**Directions for this task:** Could you please retype the records exactly, minus their pictures?

**Provided data:**
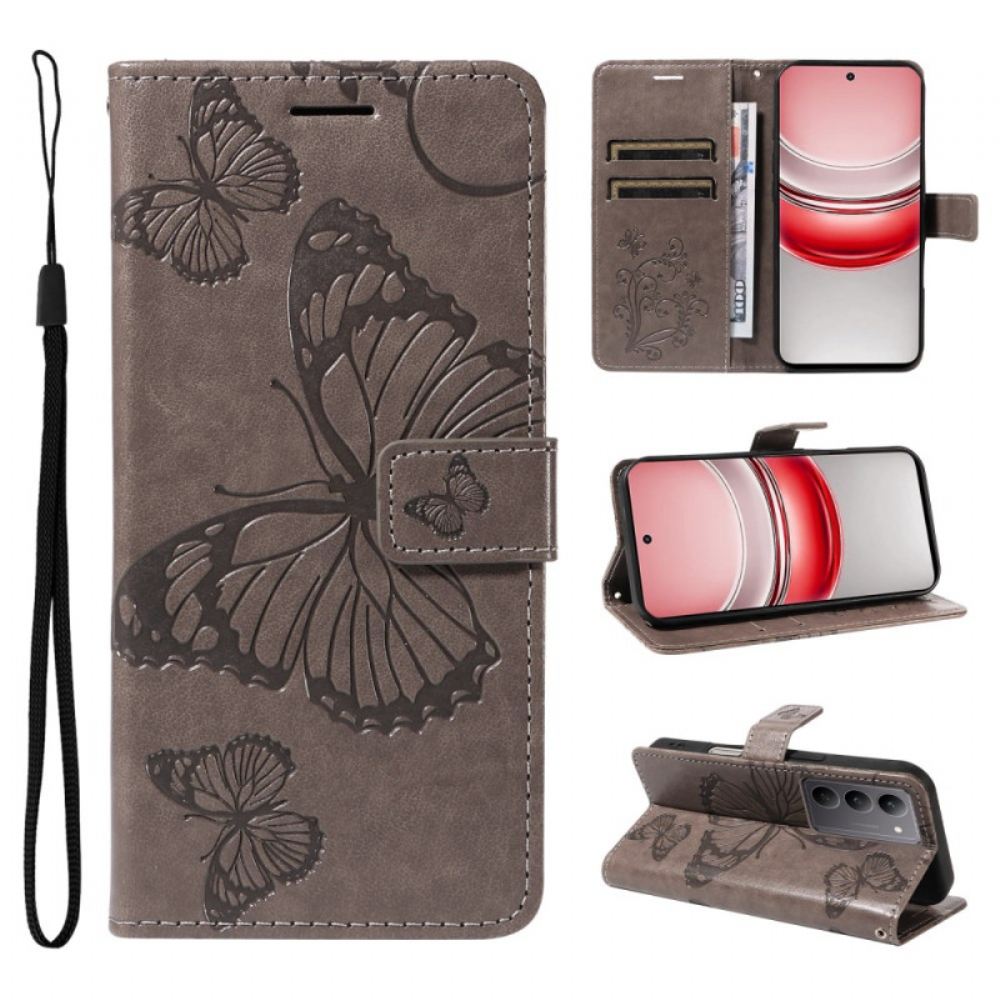 Peněženková Pouzdra Realme 14x 5g Kryty Na Mobil Obří Motýli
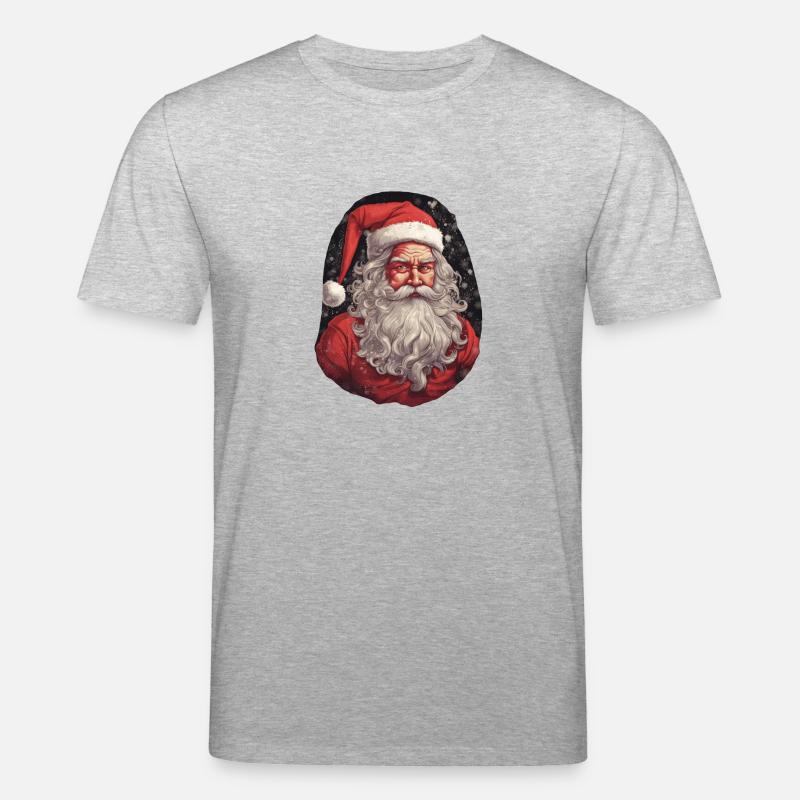 Weihnachtsmann - Stanley/Stella Unisex Bio-T-Shirt CREATOR  - Grau meliert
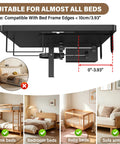 Built Different Solid Carbon Steel Bedside Shelf Clip On Floating Organizer with installation details for dorm room essentials.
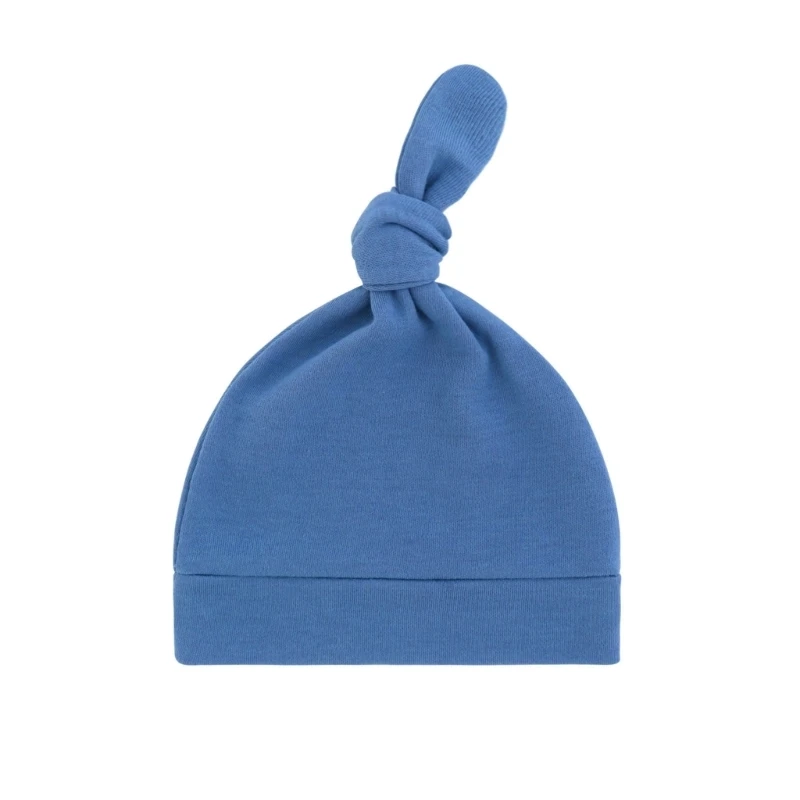 Gorro algodón anudable para bebé. Protege orejas recién nacido - imagen 4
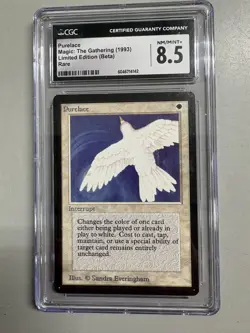 MTG Beta Purelace CGC 8.5 NM/Mint+ Rare Magic: The Gathering Limited Edition - Image 1
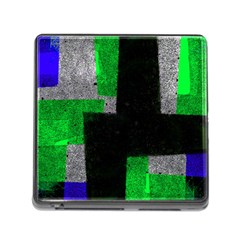 Abstract Tiles Memory Card Reader (square 5 Slot) by essentialimage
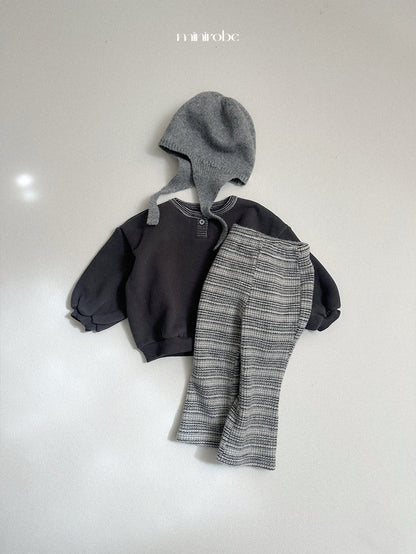 ［minirobe］popo placket sweatshirt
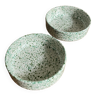 Green spotted ceramic ramekin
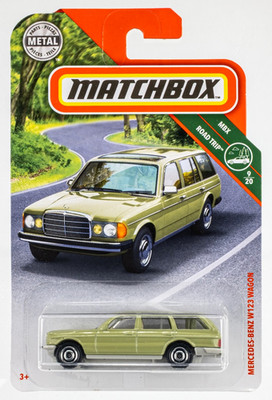 2019 Matchbox #3 Mercedes-Benz W123 Wagon CALEDONIA GREEN | FSC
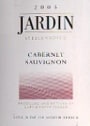 Jardin Cabernet Sauvignon Stellenbosch 2005 Front Label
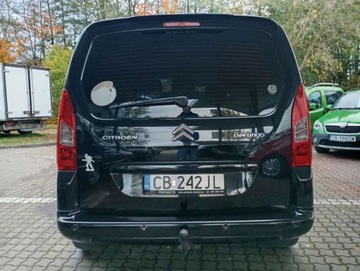 Citroen Berlingo II Combi 1.6 HDI FAP 110KM 2009 Citroen Berlingo 1.6 HDI MULTISPACE klimatronik NAVI kolor piekne wnetrze, zdjęcie 13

**Solution to the exercise:**
 Peněženková Pouzdra Realme 14x 5g Kryty Na Mobil Obří Motýli
 Weihnachtsmann - Stanley/Stella Unisex Bio-T-Shirt CREATOR  - Grau meliert
 Built Different Solid Carbon Steel Bedside Shelf Clip On Floating Organizer with installation details for dorm room essentials.
 Gorro algodón anudable para bebé. Protege orejas recién nacido - imagen 4
 MTG Beta Purelace CGC 8.5 NM/Mint+ Rare Magic: The Gathering Limited Edition - Image 1
 Abstract Tiles Memory Card Reader (square 5 Slot) by essentialimage
 ［minirobe］popo placket sweatshirt
 Green spotted ceramic ramekin
 2019 Matchbox #3 Mercedes-Benz W123 Wagon CALEDONIA GREEN | FSC
 Jardin Cabernet Sauvignon Stellenbosch 2005 Front Label
 Citroen Berlingo II Combi 1.6 HDI FAP 110KM 2009 Citroen Berlingo 1.6 HDI MULTISPACE klimatronik NAVI kolor piekne wnetrze, zdjęcie 13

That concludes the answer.